Stock index futures were flat on Monday ahead of manufacturing data after a similar report on Europe's manufacturing sector raised concerns about a recession in the region.
The Institute for Supply Management's March manufacturing index, is due at 10 a.m. EDT (1400 GMT). Economists in a Reuters survey expect an improved reading of 53.0 versus 52.4 in February. In February, the pace of growth unexpectedly slowed after three consecutive months of gains, a reminder of the bumpy economic recovery.
The market also awaited construction spending for February, due at 10 a.m.
What we are seeing this morning is nothing but noise coming off of another positive week last week, and I don't see a reason why the solid trend will not continue, said Andre Bakhos, director of market analytics at Lek Securities in New York.
The market has been betting on positive economic numbers and I expect that to continue.
Nonetheless, the euro zone's manufacturing sector shrank for an eighth straight month in March, according to Markit's Eurozone Manufacturing Purchasing Managers' Index.
In contrast, Chinese manufacturing gained momentum in March, helped by a recovery in automotive, tobacco and electronics.
S&P 500 futures slipped 0.5 point and were slightly below fair value, a formula that evaluates pricing by taking into account interest rates, dividends and time to expiration on the contract.

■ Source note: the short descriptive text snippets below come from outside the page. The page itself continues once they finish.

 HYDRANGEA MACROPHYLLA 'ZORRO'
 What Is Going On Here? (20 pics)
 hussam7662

Dow Jones industrial average futures lost 16 points, and Nasdaq 100 futures were off 2.75 points.
Stocks closed their strongest quarter in more than two years on a positive note on Friday, led by underperforming sectors like energy and health care.

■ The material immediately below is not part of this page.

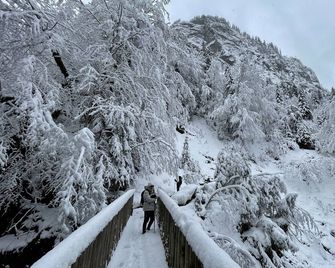 Résidence Les Chardons Argentés - Samoëns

Despite falling six of the last nine sessions, the S&P 500 gained 12 percent in the first quarter, its best start of the year since 1998 and the best overall quarter since the third period of 2009. The broad index sits just off 4-year highs.

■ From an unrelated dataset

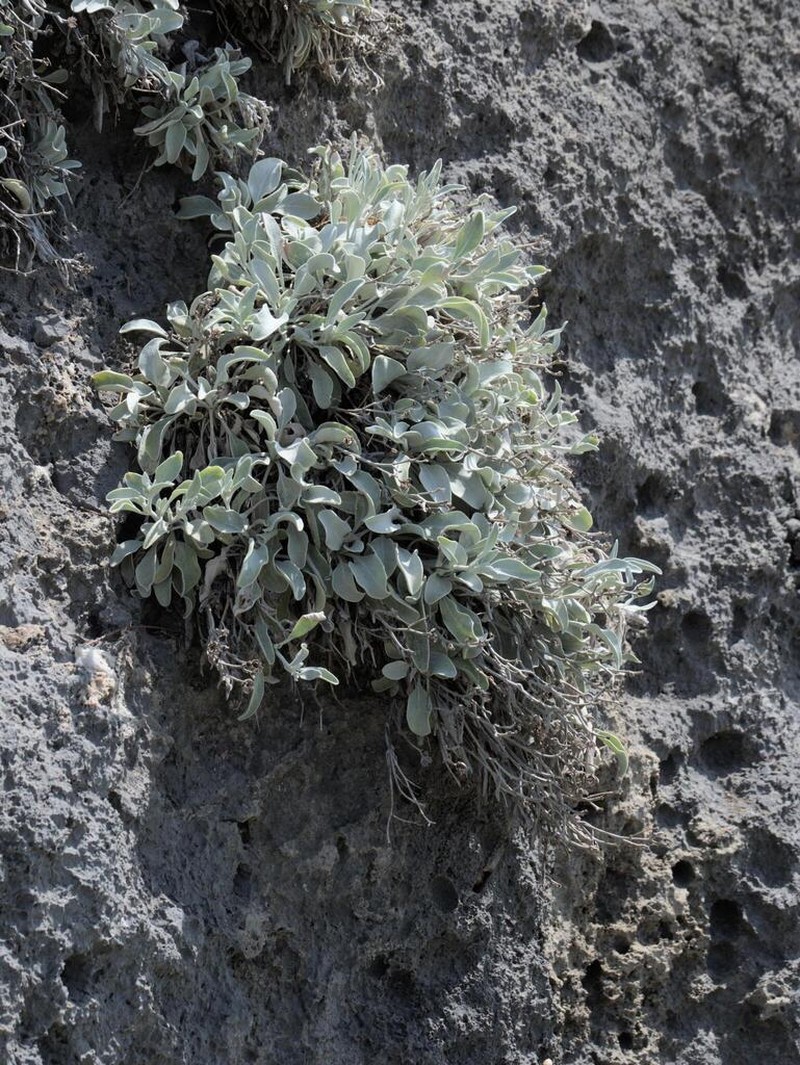 Inula candida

The oil sector will be in the spotlight as French oil major Total SA
Oil futures dropped about 0.5 percent, with Brent crude slipping near $122 a barrel, following a 14 percent rise in the first quarter.
Equity markets will be closed for the Good Friday holiday, which could create lighter volume and increase volatility. The government will release the March payrolls report on Friday, which could leave investors reticent to make big bets ahead of the data. Trading volume was expected to be light all week.